Petition # 285 : We remember and honour our dead on 15 August 2018

Petition # 285 : We remember and honour our dead on 15 August 2018 .

His Excellency Shinzo ABE
Prime Minister of Japan

The Hague, 14 August 2018

Petition: 285
Subject: We remember and honour our dead on 15 August 2018

Excellency,
Tomorrow, 15 August, we remember and honour the Dutch who died in and outside the concentration camps during the Japanese military occupation of the Dutch East Indies. For those who survived and are still alive it is a moment of reflection and sorrow. They remember the painful maltreatment, the unrestrained behaviour and the general misconduct of the Japanese military. The victims hardly talk about their experience not to burden their children, but also as people cannot believe that the Japanese Army did not have the discipline nor the decency to treat the Dutch war victims in accordance with the POW war conventions.  The occupation of the Dutch East Indies is a very black mark on the Japanese military history.

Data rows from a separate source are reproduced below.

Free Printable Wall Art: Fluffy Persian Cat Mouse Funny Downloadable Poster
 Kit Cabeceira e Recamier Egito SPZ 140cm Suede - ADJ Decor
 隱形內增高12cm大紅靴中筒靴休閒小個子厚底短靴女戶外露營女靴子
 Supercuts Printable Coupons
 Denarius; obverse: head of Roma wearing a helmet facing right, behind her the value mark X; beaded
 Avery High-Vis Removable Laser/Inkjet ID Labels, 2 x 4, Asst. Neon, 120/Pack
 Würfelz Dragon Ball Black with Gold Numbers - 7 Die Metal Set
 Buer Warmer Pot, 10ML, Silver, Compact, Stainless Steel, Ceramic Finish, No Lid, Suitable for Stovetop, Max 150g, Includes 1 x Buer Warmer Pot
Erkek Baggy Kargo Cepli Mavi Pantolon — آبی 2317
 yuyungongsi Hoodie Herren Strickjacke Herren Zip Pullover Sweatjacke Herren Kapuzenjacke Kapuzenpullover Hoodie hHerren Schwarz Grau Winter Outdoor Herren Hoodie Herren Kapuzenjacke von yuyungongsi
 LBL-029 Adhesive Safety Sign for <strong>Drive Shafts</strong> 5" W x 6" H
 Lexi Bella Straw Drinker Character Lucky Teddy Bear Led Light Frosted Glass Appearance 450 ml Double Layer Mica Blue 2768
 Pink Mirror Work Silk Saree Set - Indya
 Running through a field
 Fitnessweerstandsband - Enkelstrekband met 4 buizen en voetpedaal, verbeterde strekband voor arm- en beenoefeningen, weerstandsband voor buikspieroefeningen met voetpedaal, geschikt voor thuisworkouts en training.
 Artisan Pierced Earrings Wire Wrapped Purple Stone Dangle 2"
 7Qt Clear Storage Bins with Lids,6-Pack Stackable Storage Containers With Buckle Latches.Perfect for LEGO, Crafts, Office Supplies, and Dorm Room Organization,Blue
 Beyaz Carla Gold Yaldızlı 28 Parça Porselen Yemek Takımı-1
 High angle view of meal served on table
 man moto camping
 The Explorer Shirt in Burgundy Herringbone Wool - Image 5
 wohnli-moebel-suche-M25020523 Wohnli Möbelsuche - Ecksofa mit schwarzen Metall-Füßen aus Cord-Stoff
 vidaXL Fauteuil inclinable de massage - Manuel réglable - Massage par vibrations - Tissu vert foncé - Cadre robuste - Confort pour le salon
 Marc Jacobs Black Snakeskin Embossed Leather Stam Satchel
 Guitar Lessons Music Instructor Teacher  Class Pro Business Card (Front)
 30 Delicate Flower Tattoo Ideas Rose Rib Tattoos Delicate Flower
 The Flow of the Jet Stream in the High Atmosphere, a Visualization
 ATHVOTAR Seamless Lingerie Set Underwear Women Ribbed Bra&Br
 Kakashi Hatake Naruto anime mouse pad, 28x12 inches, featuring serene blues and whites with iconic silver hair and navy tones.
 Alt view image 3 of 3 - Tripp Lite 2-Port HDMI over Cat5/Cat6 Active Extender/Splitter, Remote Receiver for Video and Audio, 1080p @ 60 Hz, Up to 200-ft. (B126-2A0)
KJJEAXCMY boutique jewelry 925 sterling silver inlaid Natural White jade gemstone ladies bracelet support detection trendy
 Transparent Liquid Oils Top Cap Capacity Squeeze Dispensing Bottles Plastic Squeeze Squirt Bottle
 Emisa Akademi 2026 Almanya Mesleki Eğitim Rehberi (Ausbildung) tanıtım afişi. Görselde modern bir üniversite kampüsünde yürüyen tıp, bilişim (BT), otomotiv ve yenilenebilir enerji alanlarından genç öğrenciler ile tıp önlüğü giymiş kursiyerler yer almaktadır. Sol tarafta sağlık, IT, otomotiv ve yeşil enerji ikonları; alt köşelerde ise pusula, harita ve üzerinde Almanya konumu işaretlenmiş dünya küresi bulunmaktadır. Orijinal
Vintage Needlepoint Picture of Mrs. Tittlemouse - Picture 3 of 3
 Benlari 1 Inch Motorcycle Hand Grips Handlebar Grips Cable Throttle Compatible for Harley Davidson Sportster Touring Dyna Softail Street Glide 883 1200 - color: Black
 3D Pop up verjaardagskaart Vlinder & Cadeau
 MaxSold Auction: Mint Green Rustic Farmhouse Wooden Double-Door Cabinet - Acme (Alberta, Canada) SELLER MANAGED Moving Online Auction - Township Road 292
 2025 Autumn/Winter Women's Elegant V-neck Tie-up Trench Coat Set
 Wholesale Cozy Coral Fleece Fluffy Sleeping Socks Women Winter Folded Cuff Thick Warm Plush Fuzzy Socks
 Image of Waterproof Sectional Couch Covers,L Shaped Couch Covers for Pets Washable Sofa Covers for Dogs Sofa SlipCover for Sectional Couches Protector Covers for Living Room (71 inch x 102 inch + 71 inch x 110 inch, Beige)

Present apologies by post war Japanese governments are not accepted by the surviving victims, as Japan refuses to take its moral responsibility. The victims were not involved in those apologies. Hence they are of null and void value.

Prime Minister
We are very upset that in accordance with recently published documents it has become clear that Emperor Hirohito was very well aware of the planned attack on Pearl Harbor by the Japanese military on the 7 December 1942. In a memo written by a member of the Japanese cabinet Michio Yuzawa on the same date, it is revealed that the Emperor had a conversation with Prime Minister Tojo informing him that the diplomatic discussions with Great Brittan and the United States were terminated and Pearl Harbor would be attacked. Thus starting the Pacific war, making Japan the aggressor and responsible for the material and immaterial damage. The Emperor supported in the conversation the Prime Minister and remarked “I think that we almost have won the war already“. The Emperor did not only support the war, but was part of it. His decision to capitulate on 15 August 1945 does not change that. The impression he wanted to give with his capitulation message, that he did not support the war effort, was politically motivated.  His responsibility to start the war remains. The present Japanese government cannot but accept that responsibility and come to terms with the Foundation of Japanese Honorary Debts on moral grounds.

On behalf of the Foundation of Japanese Honorary Debts.